Administrative career (AD unless noted)
- 1957–1990: Boston College

Accomplishments and honors

Awards
- NFF Distinguished American Award (1985); Boston College Eagles Football Jersey retired;

= William J. Flynn (athletic director) =

American college athletics administrator

William J. Flynn (July 13, 1915 – June 27, 1997) was an American college athletics administrator. He was the athletic director at Boston College from 1957 to 1990. He began his association with Boston College in 1935 as a student athlete. He was also a mathematics professor and assistant football coach at the school.

==Early life==
Flynn was born on July 13, 1915, in South Boston. He grew up in Dorchester and graduated from The English High School. He enrolled in Boston College in 1935. He earned nine varsity letters in football, baseball, and hockey, and was named captain of the football team in 1938. He graduated with a Bachelor of Science in Education in 1939 and a Master of Education in 1940. In 1940 he became a teacher and coach at Cranwell Preparatory School in Lenox, Massachusetts. After the Attack on Pearl Harbor, Flynn joined the Federal Bureau of Investigation. He worked as an anti-espionage agent in Houston and Newark, New Jersey, until the end of the war. After the war, Flynn returned to Cranwell Prep.

==Early career at BC==
In 1947, Flynn left Cranwell to become a mathematics instructor at BC. From 1948 to 1951 he was an assistant football coach. In 1951 he applied to succeed head football coach Denny Myers, but fellow assistant Mike Holovak was chosen instead. In 1952 he was appointed Director of the Boston College Alumni Association. In 1954 he again joined the football coaching staff. After the 1956 football season, Boston College was evicted from Fenway Park by Tom Yawkey and Flynn led the fundraising drive for a new football stadium.

==Athletic director==
On July 1, 1957, Flynn succeeded John P. Curley as athletic director. He remained as an assistant football coach during the 1957 Boston College Eagles football team, which put him in the unique situation of being head football coach Mike Holovak's superior and subordinate.

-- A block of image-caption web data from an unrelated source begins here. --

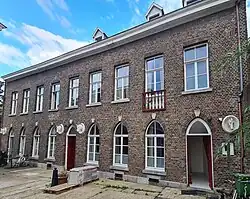 Momus' Oudemannenhuis, bijgebouw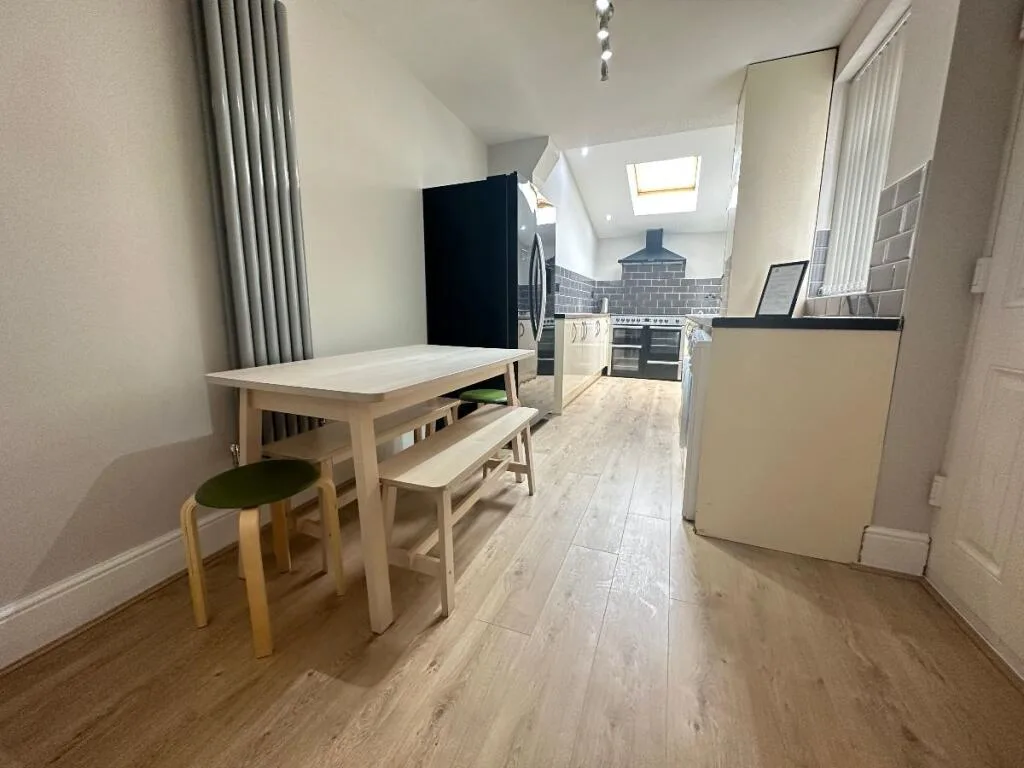 6 bedroom terraced house for rent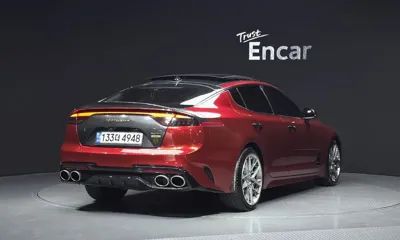 Kia Stinger 2018, 138712 км, за 8718.94 USD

At the time Flynn took office, BC was constructing three new athletic facilities - Alumni Stadium, McHugh Forum, and Roberts Center, which marked the first time that Boston College had all of its athletic facilities on campus. In 1979, Boston College's student recreation complex was named after Flynn. He also oversaw an expansion of Alumni Stadium and the construction of the Conte Forum.

Flynn was responsible accepting Dave Gavitt's invitation for BC to join the newly-formed Big East Conference and hired a number of successful basketball coaches (Bob Cousy, Chuck Daly, Tom Davis, Gary Williams, and Jim O'Brien).

On August 28, 1990, Flynn announced that he would retire upon the appointment of a successor. One of his final acts as AD was to fire head football coach Jack Bicknell. On December 10, 1990, Tulane athletic director and Boston College alumnus Chet Gladchuk Jr. was hired to succeed Flynn.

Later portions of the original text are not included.